Traditionally it's assumed that we should treat create read update delete as separate concepts. However, I have noticed that the following pattern seems more usable for certain contexts [create, update, delete], [read].

For example:

In the context where what's allowed for a new object may be virtually indistinguishable from an existing object for many properties

  • Create or Update. By combining create and update into one step, it creates lots of reuse. This dramatically simplifies backend code to two parts: If no ID is provided create a new object (relatively empty), if an ID is provided attempt to get it. Then perform the update. The front end is also simplified, and from a user interaction perspective new and updates (edits) are automatically consistent.

  • In some cases, "Delete" is actually "Archive" and acts more like a property update then a separate request, ie turning an "is_archived" flag to True. In this context it becomes a sub set of Update.
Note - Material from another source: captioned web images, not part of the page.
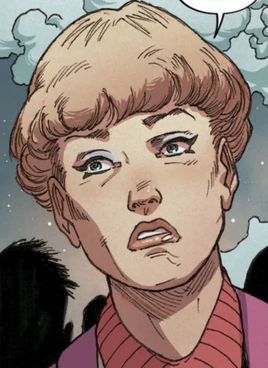 Isobel Selwyn (second replicant)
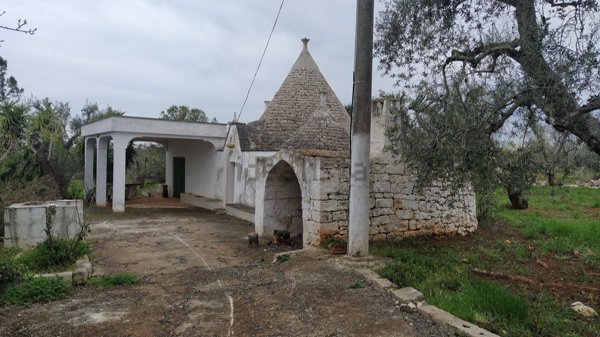 appartamento in vendita a Ceglie Messapica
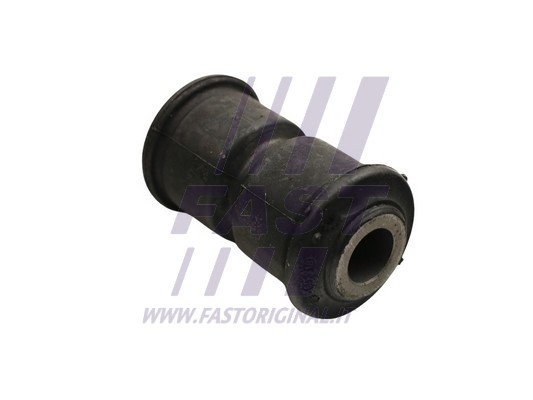 Mounting, leaf spring (FT13709)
What I am already aware of

  • REST does not need to be used for internal APIs
  • Most things aren't really REST

The goal is not so much to have an all in one end point as is brought up here: RESTful API versus One Do-All Endpoint

But rather to combine like concerns, and make it more composable. For example adding a property in this pattern means adding it one place.

The net effect is instead of having 3 back end routes, and 3 front end components (6 total), there's 1 of teach (2 total), with only marginal differences where required.
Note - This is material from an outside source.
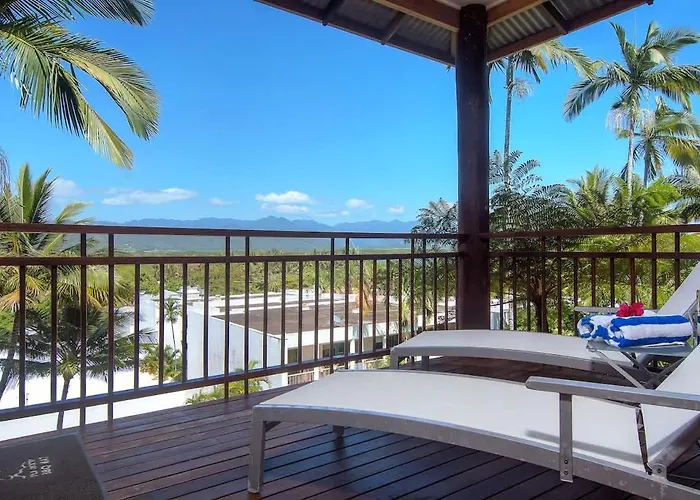 8 The Point - Murphy Street Port Douglas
Read operations seem significantly different because * In general the object is assumed to always exist * Usually reading multiple objects or doing other things with it. * Often different permission and context assumptions

This is discussed a bit here Is it better to have separate Create and Edit actions or combine Create and Edit into one? And there was some discussion of trade offs.
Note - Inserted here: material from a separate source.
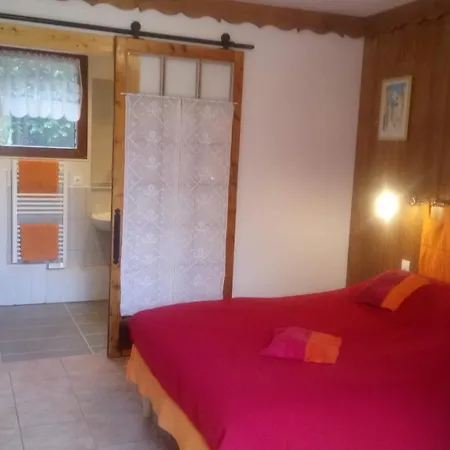 Paysannerie Des Versanes - Et Maison d'hôtes 3*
Key distinction is that I'm not so much asking just for the back end API, but more the way a person thinks about in the context of both Front and Back end, the context of archiving also being a part of it. (And in context of modern frameworks)

1 Answer 1


The delete/archive combo is not so foreign. Most OS's allow you to delete files, which puts them in the "trash." They are not truly deleted at that point, but navigating to the folder in which it used to reside will not show the file. Functionally the file is deleted. The fact it is in the trash is an implementation detail that isn't important to the user.

So a request to DELETE /items/5 sets an archive flag. It is technically an update, but if a subsequent request to GET /items/5 returns a 404 Not Found then functionally it has been deleted from the perspective of the client. The fact an archive flag gets set is an implementation detail the client is not concerned with.

If a request to PATCH /items/5 (or POST) means a subsequent request to GET /items/5 returns a 404 Not Found then I would be pretty surprised. I would think that a bug exists in the service. If after flipping the archive flag a request to GET /items/5 returns the item with the archive flag flipped then, that feels a little more natural.

So the answer to your question depends on the expected response to a subsequent GET. If you get a 404 response then use a DELETE. If the resource will be returned with a subsequent GET then a PUT or PATCH to flip the archive flag is appropriate.